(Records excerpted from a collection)
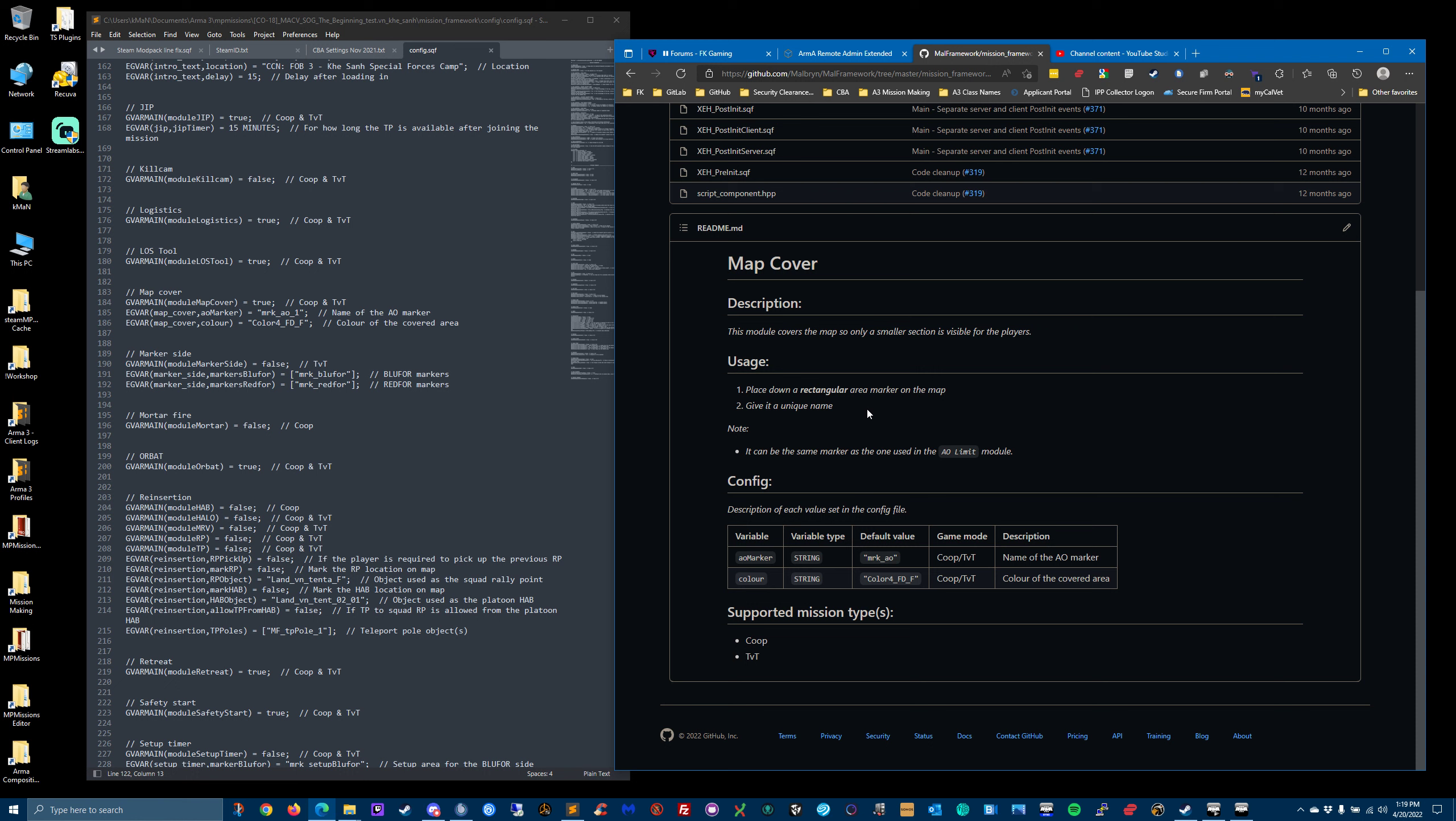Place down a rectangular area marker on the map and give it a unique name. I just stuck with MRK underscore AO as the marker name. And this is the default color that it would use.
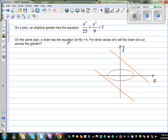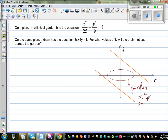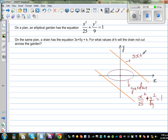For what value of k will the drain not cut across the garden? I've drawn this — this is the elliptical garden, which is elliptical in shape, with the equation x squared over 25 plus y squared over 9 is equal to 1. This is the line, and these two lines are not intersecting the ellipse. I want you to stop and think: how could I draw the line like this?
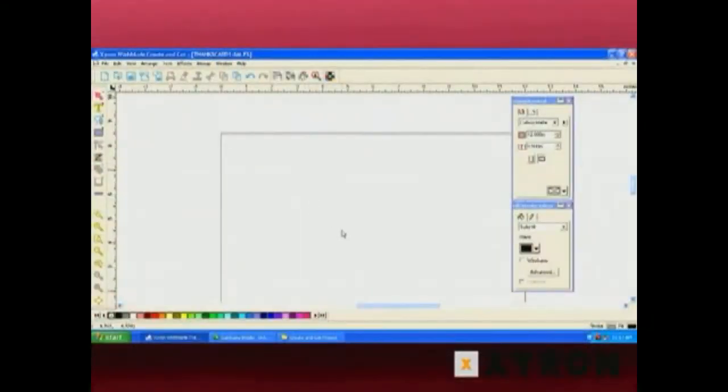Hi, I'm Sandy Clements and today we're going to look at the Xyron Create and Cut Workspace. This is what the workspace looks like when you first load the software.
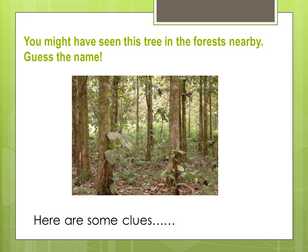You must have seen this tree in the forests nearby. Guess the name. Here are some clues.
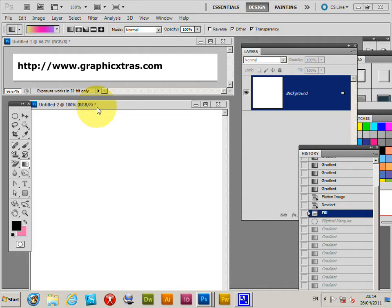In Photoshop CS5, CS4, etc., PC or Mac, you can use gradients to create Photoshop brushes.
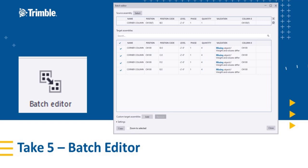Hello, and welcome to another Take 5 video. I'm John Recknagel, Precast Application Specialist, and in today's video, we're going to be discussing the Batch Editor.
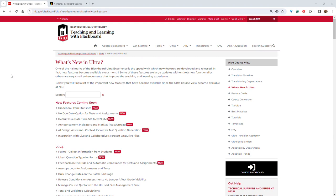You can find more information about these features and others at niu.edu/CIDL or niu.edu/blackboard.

§ Exercise aim:
Every line in the data above needs to be given again exactly, pictures aside.

§ Exercise output:
Place down a rectangular area marker on the map and give it a unique name. I just stuck with MRK underscore AO as the marker name. And this is the default color that it would use.
For what value of k will the drain not cut across the garden? I've drawn this — this is the elliptical garden, which is elliptical in shape, with the equation x squared over 25 plus y squared over 9 is equal to 1. This is the line, and these two lines are not intersecting the ellipse. I want you to stop and think: how could I draw the line like this?
Hi, I'm Sandy Clements and today we're going to look at the Xyron Create and Cut Workspace. This is what the workspace looks like when you first load the software.
You must have seen this tree in the forests nearby. Guess the name. Here are some clues.
In Photoshop CS5, CS4, etc., PC or Mac, you can use gradients to create Photoshop brushes.
Hello, and welcome to another Take 5 video. I'm John Recknagel, Precast Application Specialist, and in today's video, we're going to be discussing the Batch Editor.
You can find more information about these features and others at niu.edu/CIDL or niu.edu/blackboard.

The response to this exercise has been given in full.